▶ [WORK TASK]
Your response should contain exactly the lines running from the one with "Servilleta De Papel" to the end of the data below, both included, and no pictures.

▶ [DATA SHOWN]
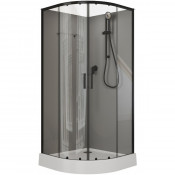 Душевая кабина Aquanet Passion EVO Black 90х90 правая 267257 без гидромассажа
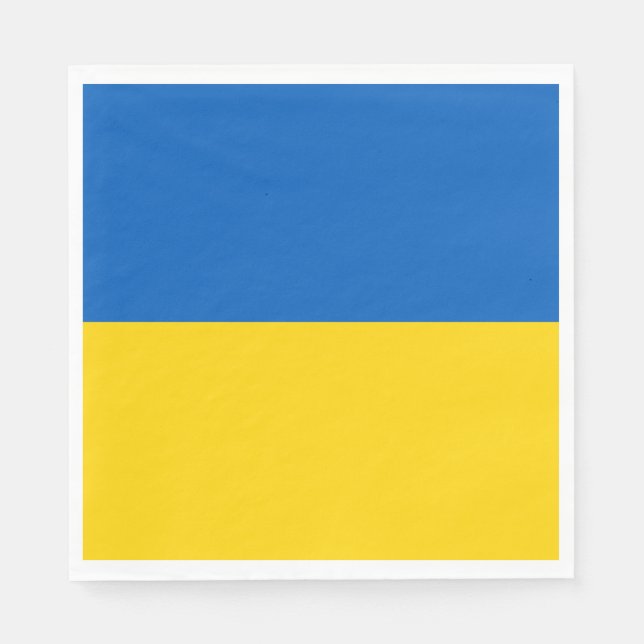 Servilleta De Papel Bandera ucraniana (Ucrania) (Anverso)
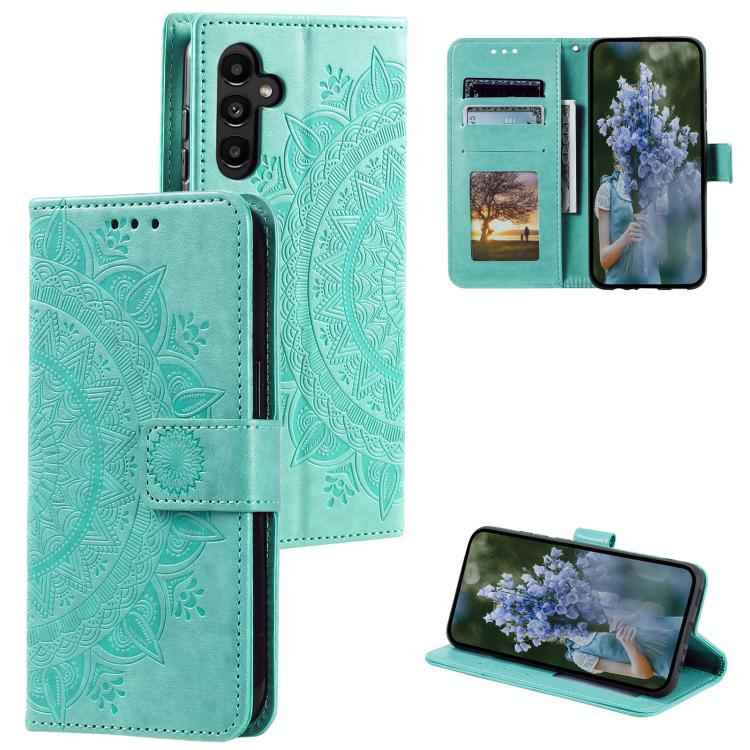 Totem Flower Embossed Leather Phone Case with Lanyard, For Samsung Galaxy S26+ 5G, For Samsung Galaxy S26 Ultra 5G, For Samsung Galaxy S26 5G, For Samsung Galaxy S25 FE 5G, For Samsung Galaxy S25 Edge 5G, For Samsung Galaxy S25 5G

▶ [RESULT OF THIS EXERCISE]
 Servilleta De Papel Bandera ucraniana (Ucrania) (Anverso)
 Totem Flower Embossed Leather Phone Case with Lanyard, For Samsung Galaxy S26+ 5G, For Samsung Galaxy S26 Ultra 5G, For Samsung Galaxy S26 5G, For Samsung Galaxy S25 FE 5G, For Samsung Galaxy S25 Edge 5G, For Samsung Galaxy S25 5G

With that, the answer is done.